Dass der Rentner aus dem ersten Beispiel mit einer Rente von 1200 Euro dennoch dauerhaft eine höhere Rente erzielt als der Protagonist aus dem zweiten Beispiel mit einer Rente von 1055 Euro, liegt daran, dass die drei Jahre und acht Monate, die ab dem Alter von 63 zu seinen Gunsten an Rentenansprüchen hinzukommen, laut Irion nur die fehlenden Beitragsjahre ausgleichen, nicht jedoch den lebenslangen Rentenabschlag von 13,2 Prozent.
Das Beste aus der Aktivrente machen
Der Rentenberater hat noch weitere Tipps, wie sich die Arbeit im Alter besonders lohnt:
Der angehende Rentner aus Beispiel eins könnte aufgrund des noch nicht ausgeschöpften Steuerfreibetrags der Aktivrente seine Arbeitszeit erhöhen, um nicht nur 950 Euro, sondern bis zu 2000 Euro brutto steuerfrei im Monat zu verdienen.
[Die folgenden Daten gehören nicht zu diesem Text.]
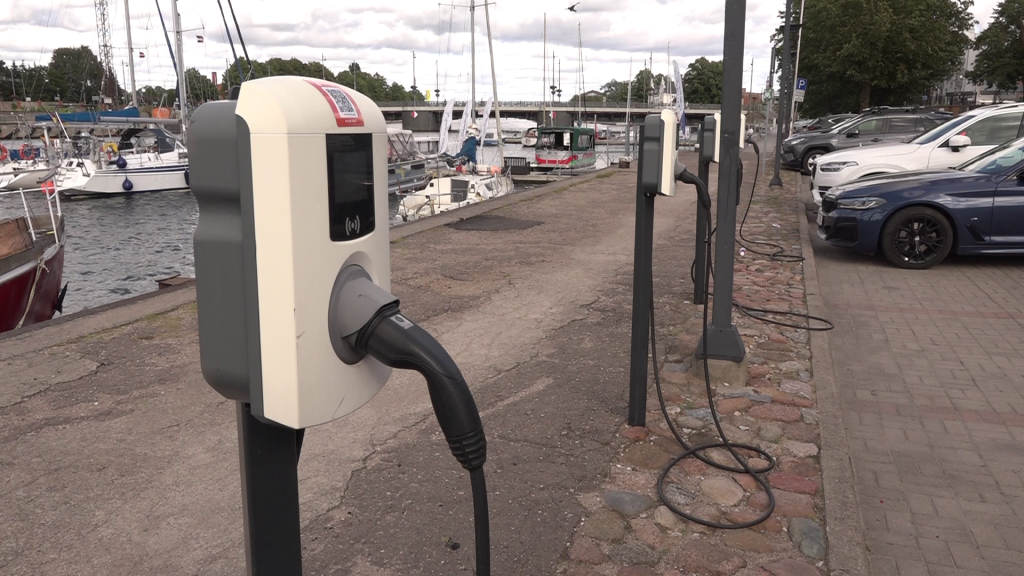 Elektroauto uzlādes stacija ar kabeļiem pie upes vai ostas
Wenn er aus dem zusätzlichen Netto seine zukünftige Rente erhöhen möchte, um für die Zeit vorzusorgen, in der er nicht mehr parallel zur Rente arbeitet, kann er das auf zwei Wegen tun, sofern der Gesetzentwurf zur Aktivrente das nicht einschränkt:
- Freiwillige Einzahlungen in die Rentenkasse. Dazu muss er von der Vollrente auf 99,99 Prozent Teilrente umstellen. Das ist ohne weitere Voraussetzungen einfach auf Antrag möglich. Er kann auch jederzeit wieder zurückwechseln. Ein kurzes Schreiben an die Rentenversicherung reicht aus. Die Änderung wird ab dem Folgemonat wirksam.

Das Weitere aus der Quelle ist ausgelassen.